Exercise details >>
Your copy begins at the line with "河南省委組織部關(guān)于張志堅(jiān)等5名同志擬任職的公示" and runs through the end of the data below. Set down only those lines exactly, without pictures.

Supplied records >>
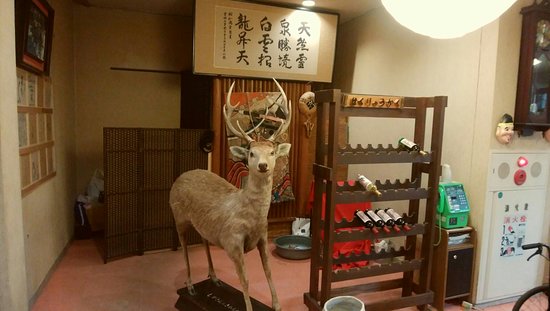 Mitomionsenkyo RYokan Hakuryuukaku-官方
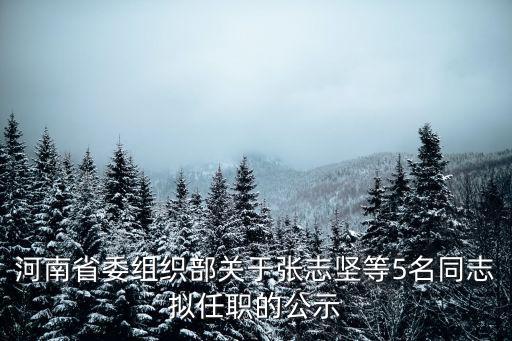 河南省委組織部關(guān)于張志堅(jiān)等5名同志擬任職的公示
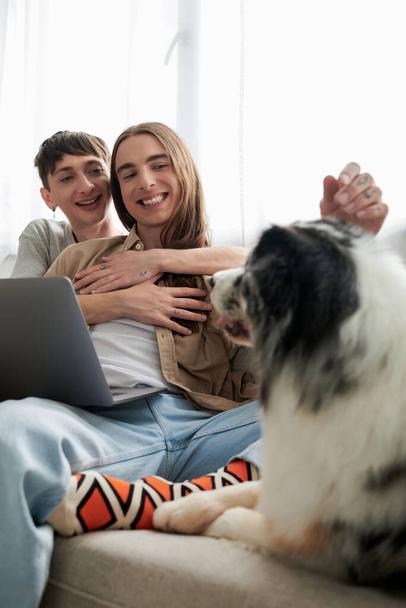 cheerful gay partners in casual clothes smiling while hugging each other and sitting together near laptop and cuddling cute furry friend resting near them on couch in modern living room - Photo, Image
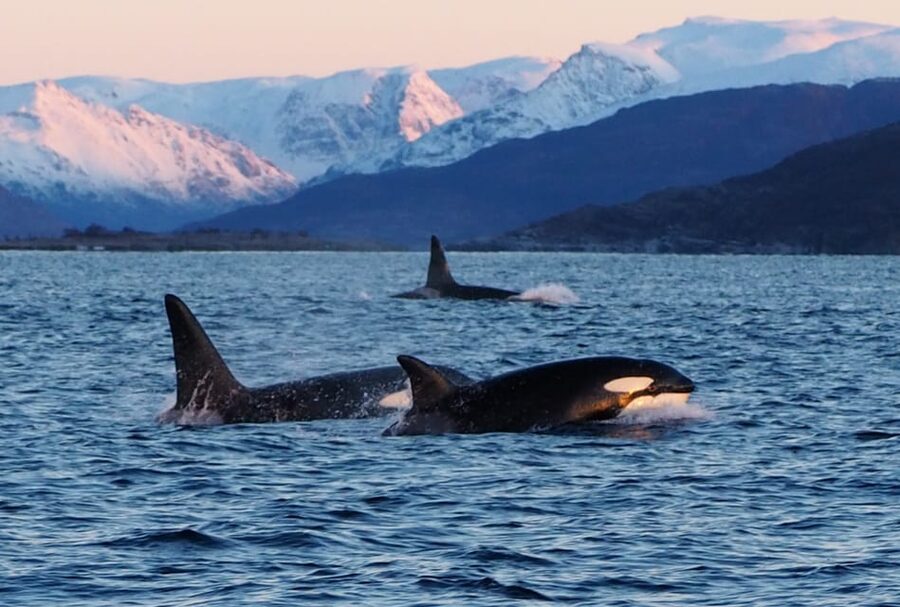 Skjervøy: Whale and Orca Watching Tour by RIB Boat - Practical Details Before You Book
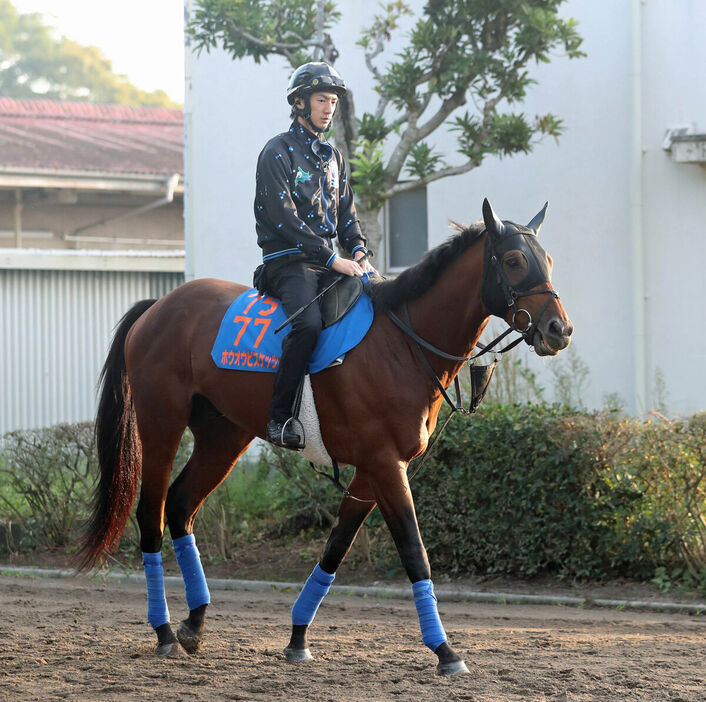 馬トク激走馬に算出されたホウオウビスケッツ（カメラ・荒牧　徹）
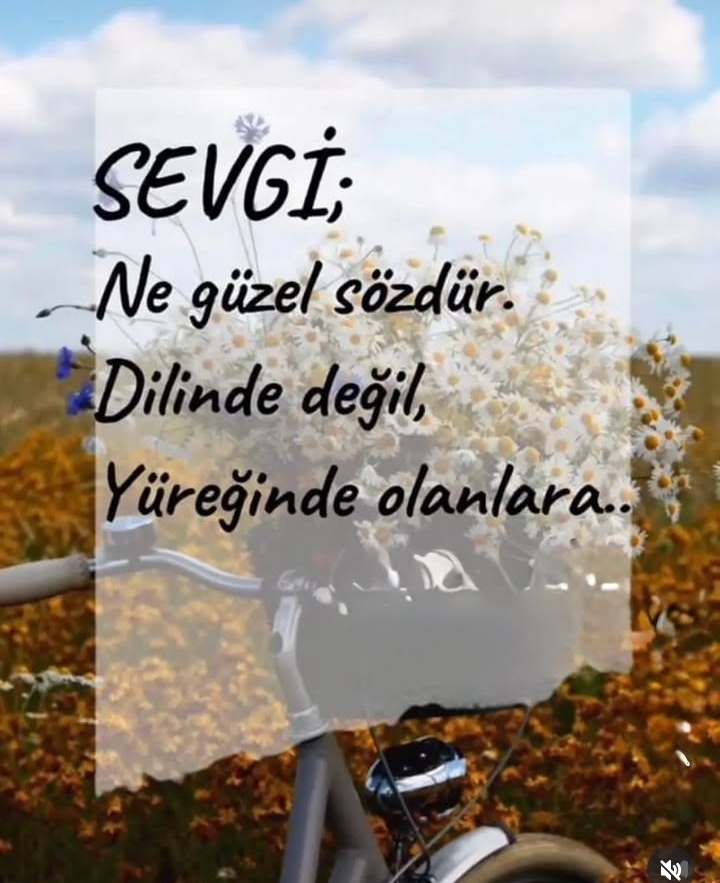 @mecnun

Written answer >>
 河南省委組織部關(guān)于張志堅(jiān)等5名同志擬任職的公示
 cheerful gay partners in casual clothes smiling while hugging each other and sitting together near laptop and cuddling cute furry friend resting near them on couch in modern living room - Photo, Image
 Skjervøy: Whale and Orca Watching Tour by RIB Boat - Practical Details Before You Book
 馬トク激走馬に算出されたホウオウビスケッツ（カメラ・荒牧　徹）
 @mecnun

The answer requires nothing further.